Aylesford School is a mixed-sex school comprising years 7 to 11, plus a Sixth Form for pupils in years 12 and 13. It is a co-educational secondary school in Kent, England. Situated in modern campus buildings the school serves an area to the west of Maidstone.

==History==
The school site at Teapot Lane, originally built largely by Italian prisoners of War during the 1940s, was redeveloped in 2005–2008, as part of a KCC-sponsored PFI scheme which also included two other local secondary schools, Holmesdale in Snodland, and The Malling, in East Malling, and three others elsewhere in Kent. Construction of the new school was headed by Costain. Unlike the other schools involved, space constrictions on the site meant that the new buildings had to be built over the original foundations, so a "temporary village" of classrooms was constructed on part of the site to house the majority of pupils and staff during the reconstruction period.

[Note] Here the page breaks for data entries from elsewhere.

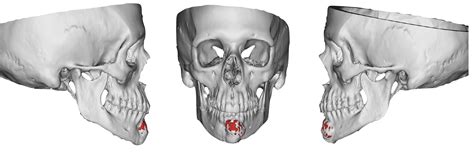 ‘Jaw in a day’ surgery the first of its kind in Alabama - News | UAB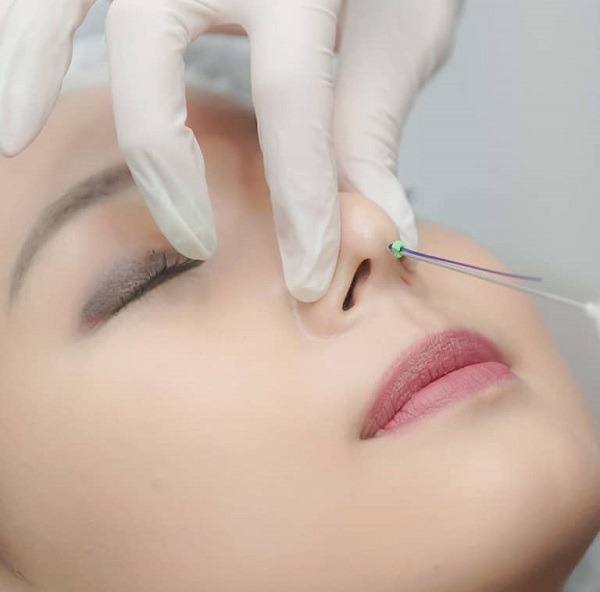 Current trends in beautiful nose shapes for rhinoplasty các dáng mũi đẹp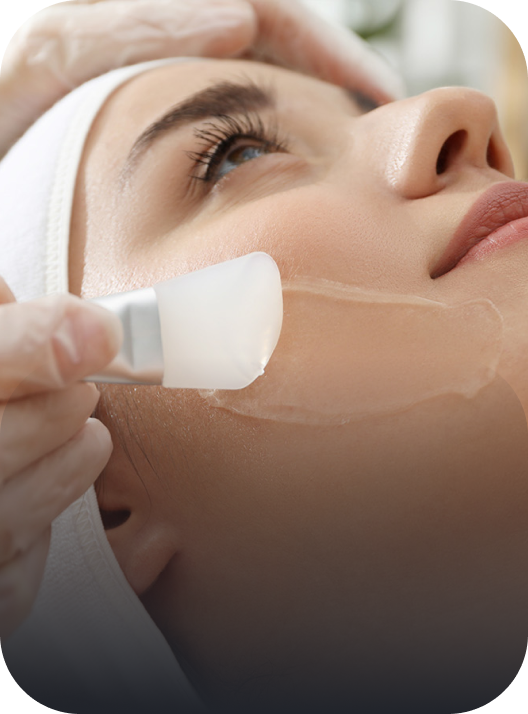 Chemical Peels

The School achieved Specialist status as a Sports College in 2004, which ensured that a focus on sport was introduced to all aspects of the curriculum, though this specialism was later dropped in 2018.

Secretary of State for Children, Schools and Families, Ed Balls, accompanied by local MP Jonathan Shaw and officials from KCC, officially opened the new school buildings on 28 May 2008. Referring to the three local schools, the Minister said: "If we can do around the country, what we've seen in these three schools, we could really transform education in Britain."

Between 2008–2012, the sixth-form was part of the Medway Valley Sixth-form Consortium - collectively known as WHAM - a collaboration with Wrotham School, Holmesdale Technology College and The Malling School, which offers a wider range of A-level and equivalent courses than any one of the schools could provide individually. Aylesford has a particular strength in Business Studies provision.

Because of the restricted site at Aylesford School, it was necessary to rebuild the school largely in the same location on the site that the old buildings occupied. This required careful planning and a certain amount of disruption to both staff and pupils. When the school was housed in the old buildings, its reputation was very poor. Even with the news that new buildings were on the way, the school was still considered to be underperforming. During the rebuilding process many of the old buildings were demolished and replaced with 23 small mobile classrooms, which become known as the Learning Village. Only B block (Science), C block (Technology and Art) and M block (English, and the library) remained in use from the old school.

The School now consists of 4 Main Buildings named after famous sporting venues: Twickenham, Lords, Wembley and Wimbledon. Wimbledon - formerly known as C-Block, is the only building to remain from the old school, and has been fully refurbished. The School also boasts a large Hall with a performance stage, an indoor sports hall containing 6 badminton courts and mechanically retracting basketball nets, a separate gym with dance mirrors, gymnastics/trampoline facilities and an indoor climbing wall, an outdoor assault course and fitness area, and a Multi-Use Games Area (MUGA). Funding was being sought for an Astroturf football pitch; though these plans have now been scrapped. The school is also equipped with state-of-the-art ICT facilities, with over 500 desktop PCs, over 200 staff and student laptops, fixed and portable projectors, interactive whiteboards and interactive learning zones.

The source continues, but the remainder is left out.